Only the pictures are to be dropped; the rest of the data below is to be duplicated exactly.
----- SOURCE DATA -----
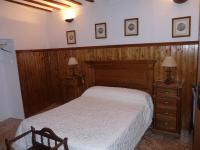 Postel nebo postele na pokoji v ubytování CASA RURAL QUIJOTE Y SANCHO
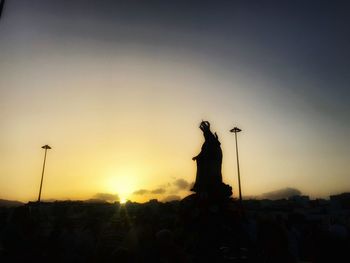 Silhouette of statue during sunset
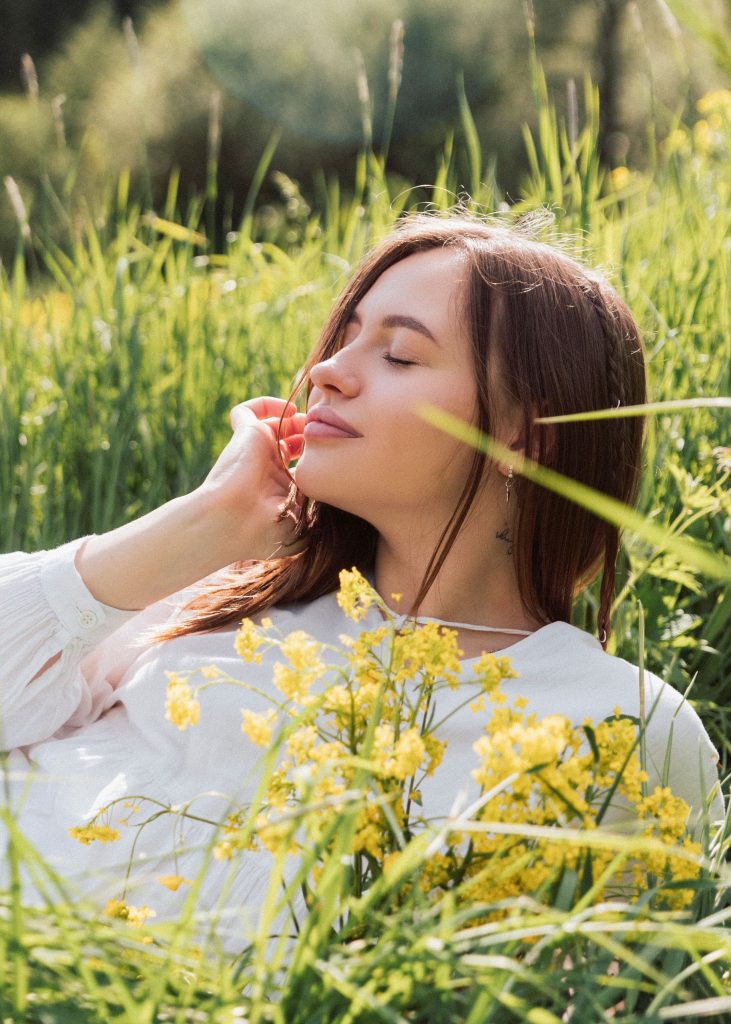 Young woman enjoying relaxation in a vibrant summer meadow with yellow flowers.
-----
SOLVED EXERCISE:
 Postel nebo postele na pokoji v ubytování CASA RURAL QUIJOTE Y SANCHO
 Silhouette of statue during sunset
 Young woman enjoying relaxation in a vibrant summer meadow with yellow flowers.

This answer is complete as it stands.